> _Try it_
Print the whole listing below exactly, skipping every picture.
--------
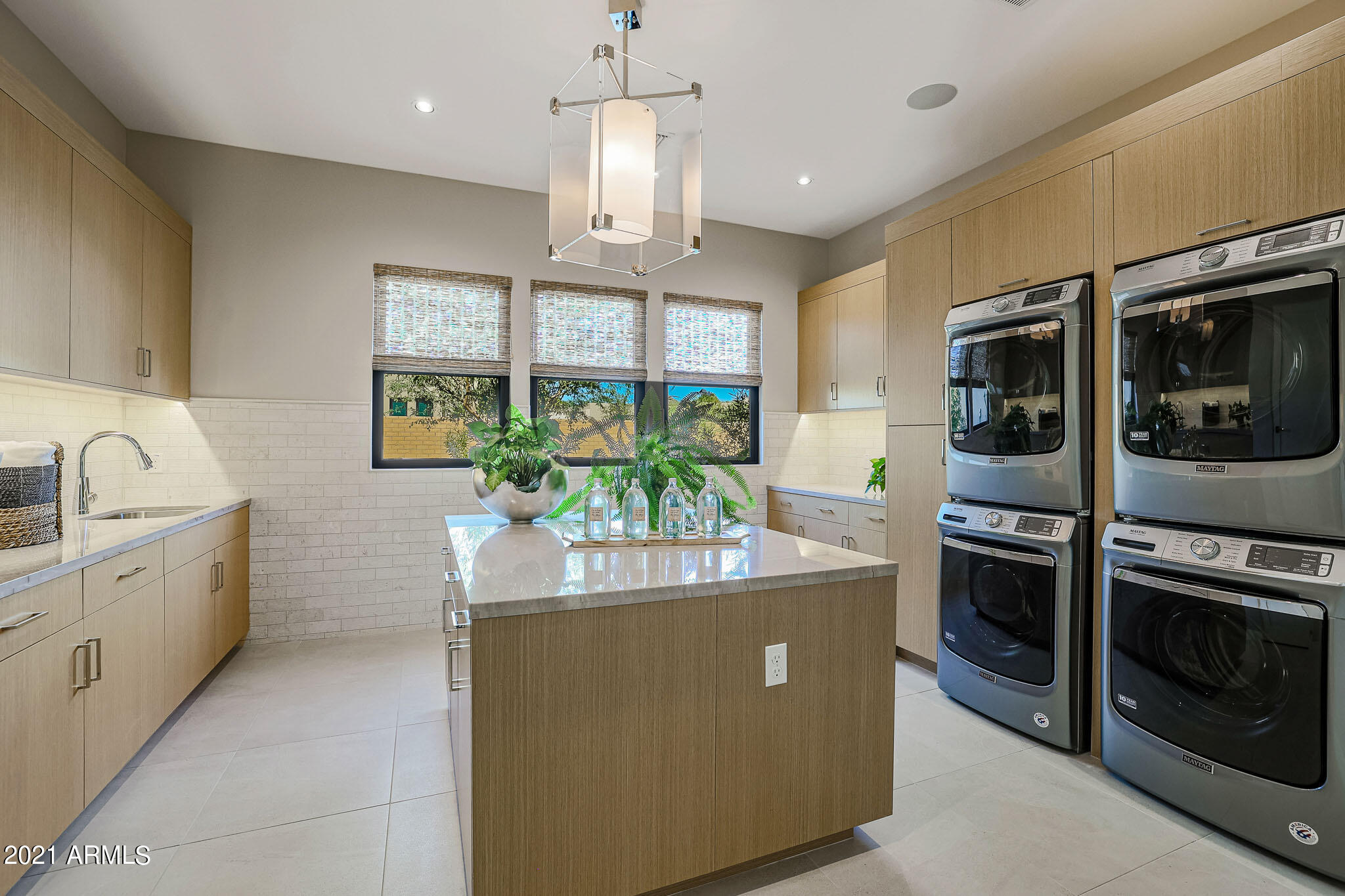 WHITE HORSE - Residential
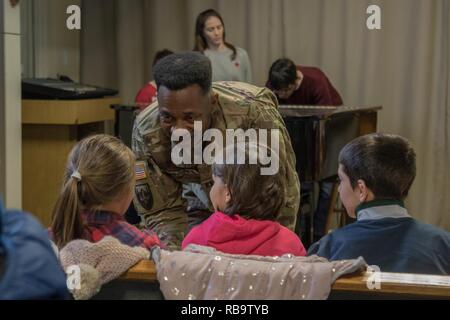 Us-Armee Kaplan (Kapitän) Dilio Onyejiuwa, ein kaplan zum Schwarzen Meer Support Team zugewiesen, spricht mit den Kindern von einem örtlichen Waisenhaus während eines Urlaubs Feier an Mihail Koglniceanu Airbase, Rumänien, Dez. 22, 2018. Der Gastgeber der Veranstaltung zu einem unvergesslichen Ferienzeit für Kinder in der Region zur Verfügung zu stellen und die enge Beziehung der USA Mit ihren rumänischen Verbündeter hat zu festigen. Stockfoto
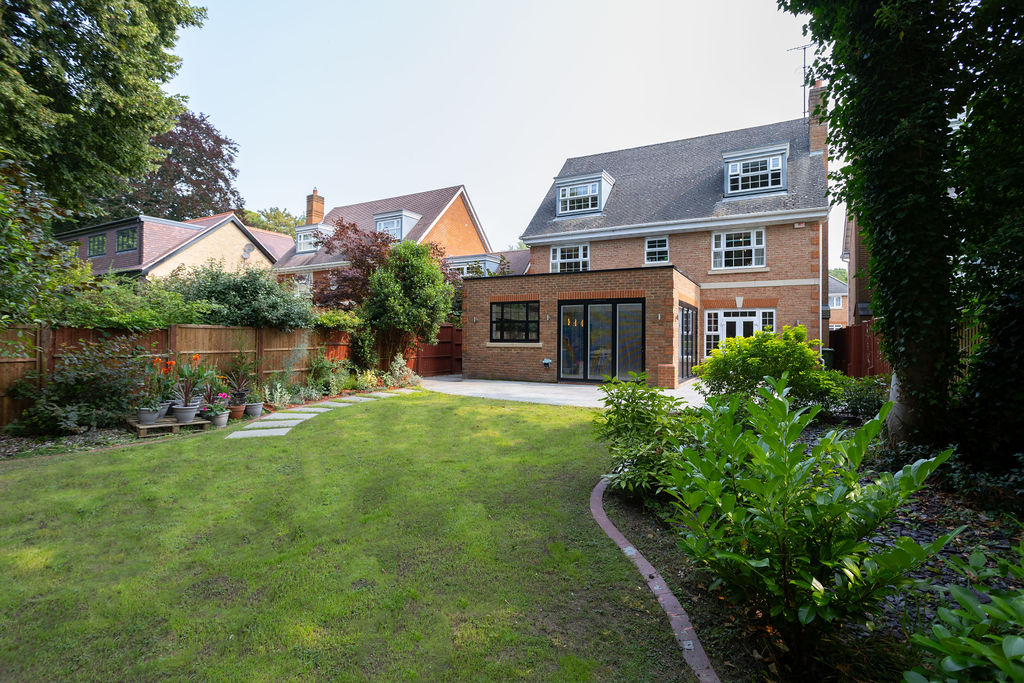 Kitchen extension in Watford, Hertfordshire, completed image 6.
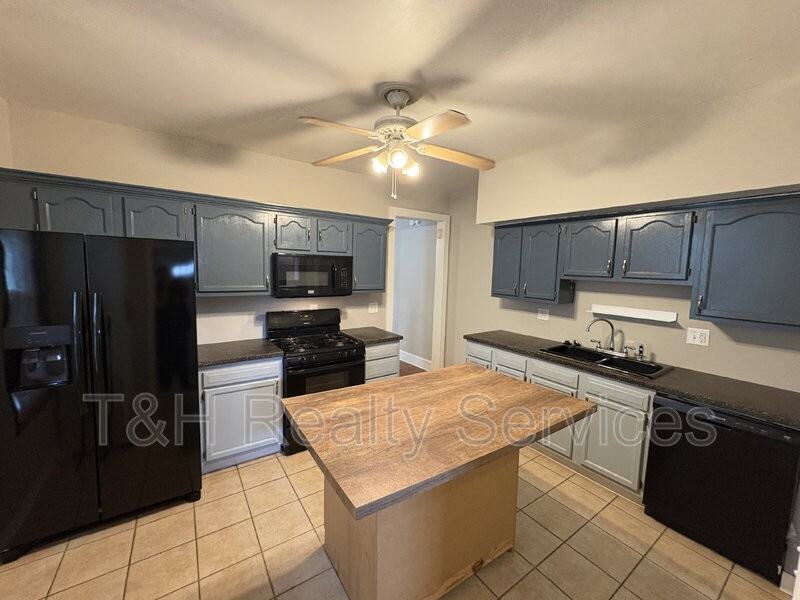 1529 Sturm Ave - Photo 5 of 24
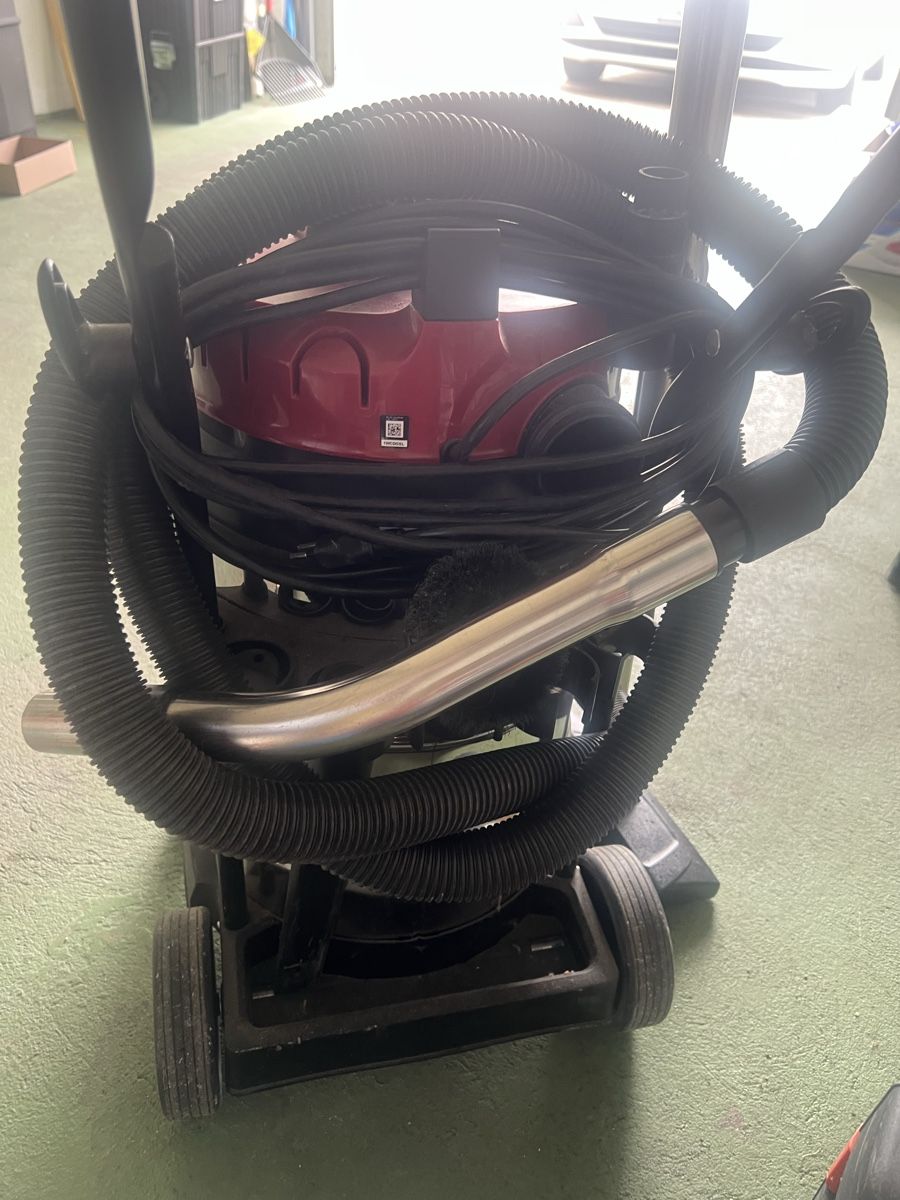 Aspirapolveri & Accessori: Aspiratore Einhell TC-VC 2230 SA con presa automatica – Usato da Rüti ZH venduto da Bello70 4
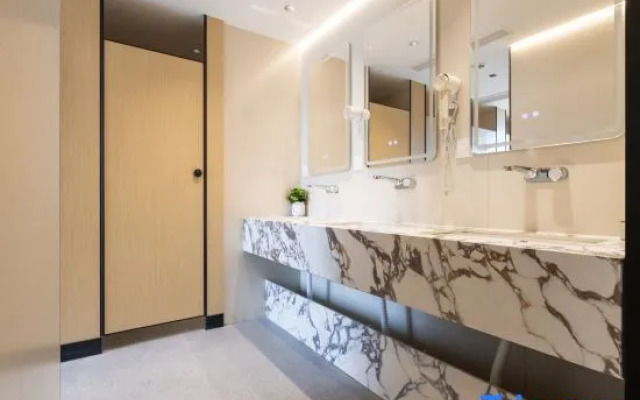 ZaiRenhai Youth Apartment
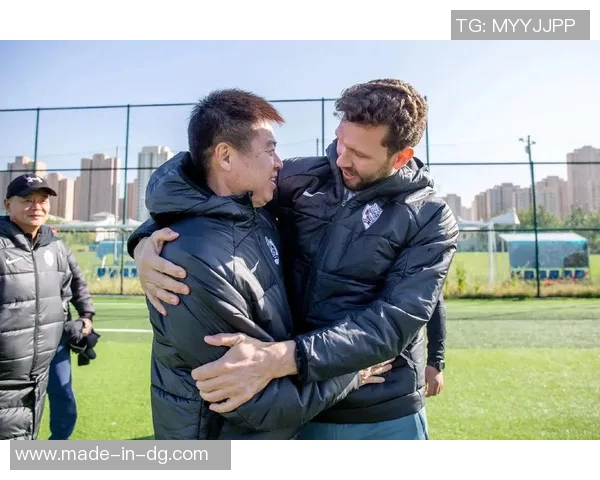 拾光足球明星队员名单揭晓球迷期待新赛季精彩表现与激情对决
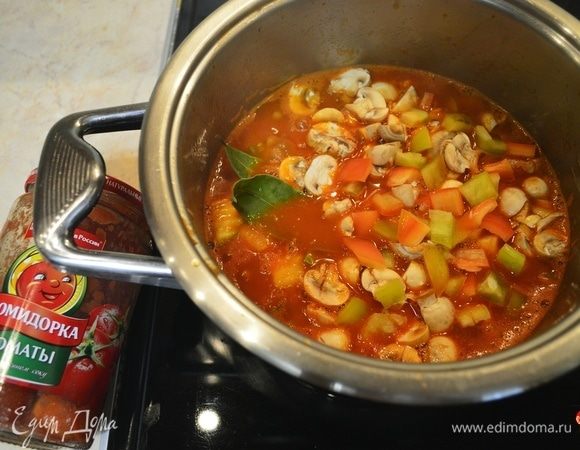 С томатов в собственном соку ТМ «Помидорка» предварительно снять кожицу, вместе с соком отправить в кастрюлю. Туда же кипяченную воду, нарезанные грибы, перец, лавровый лист, соль, острый перец.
--------
> _Task response_
 WHITE HORSE - Residential
 Us-Armee Kaplan (Kapitän) Dilio Onyejiuwa, ein kaplan zum Schwarzen Meer Support Team zugewiesen, spricht mit den Kindern von einem örtlichen Waisenhaus während eines Urlaubs Feier an Mihail Koglniceanu Airbase, Rumänien, Dez. 22, 2018. Der Gastgeber der Veranstaltung zu einem unvergesslichen Ferienzeit für Kinder in der Region zur Verfügung zu stellen und die enge Beziehung der USA Mit ihren rumänischen Verbündeter hat zu festigen. Stockfoto
 Kitchen extension in Watford, Hertfordshire, completed image 6.
 1529 Sturm Ave - Photo 5 of 24
 Aspirapolveri & Accessori: Aspiratore Einhell TC-VC 2230 SA con presa automatica – Usato da Rüti ZH venduto da Bello70 4
 ZaiRenhai Youth Apartment
 拾光足球明星队员名单揭晓球迷期待新赛季精彩表现与激情对决
 С томатов в собственном соку ТМ «Помидорка» предварительно снять кожицу, вместе с соком отправить в кастрюлю. Туда же кипяченную воду, нарезанные грибы, перец, лавровый лист, соль, острый перец.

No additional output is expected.